KPK: 33 Persen Saksi Kasus Korupsi Dikriminalisasi
- vivanews/Andry Daud
VoxPop – Kriminalisasi bukan hanya mengancam aparat penegak hukum yang memberantas korupsi. Tapi saksi dan pelapor yang mengungkap tindak pidana juga menghadapi ancaman serupa. Hal itu diutarakan oleh Kepala Bagian Litigasi dan Non Litigasi Biro Hukum KPK Efi Laila Kholis.
Ia menuturkan, dari 27 saksi yang dilindungi KPK, terdapat 33 persen atau sembilan saksi yang dikriminalisasi, seperti dilaporkan balik oleh pelaku korupsi. Sementara 67 persen saksi lainnya yang dilindungi KPK diintimidasi.

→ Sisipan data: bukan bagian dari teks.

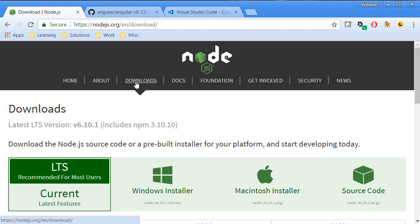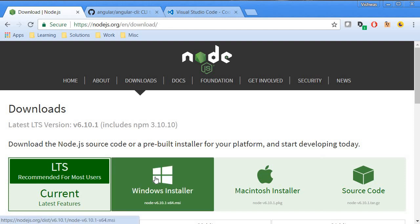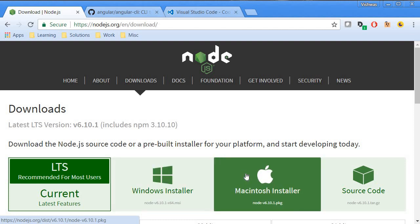If you have a Windows machine, click on Windows Installer. And if you have a Mac machine, click on Mac Installer.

Demikian dikatakan Efi saat menjadi pembicara dalam Webinar United Nation Convention Against Corruption (UNCAC) seri-7: 'Kemajuan Perlindungan Pelapor (Whistleblowers) di Indonesia: Tantangan Saat ini dan Rencana ke Depan', Senin, 24 Agustus 2020.
"Dua tahun belakangan ini dari pengamatan tim kami sebanyak 33 persen dari saksi yang kita lindungi itu dikriminalisasi, sementara 67 persen diintimidasi. Jadi bisa dibayangkan ketika seseorang menjadi saksi betul-betul tantangannya sangat besar bukan hanya dijadikan tersangka, tapi juga mendapat ancaman teror. Kemudian keluarganya, kemudian pekerjaannya. KPK sudah sampai ke sana dalam melakukan perlindungan saksi tersebut," ujar Efi.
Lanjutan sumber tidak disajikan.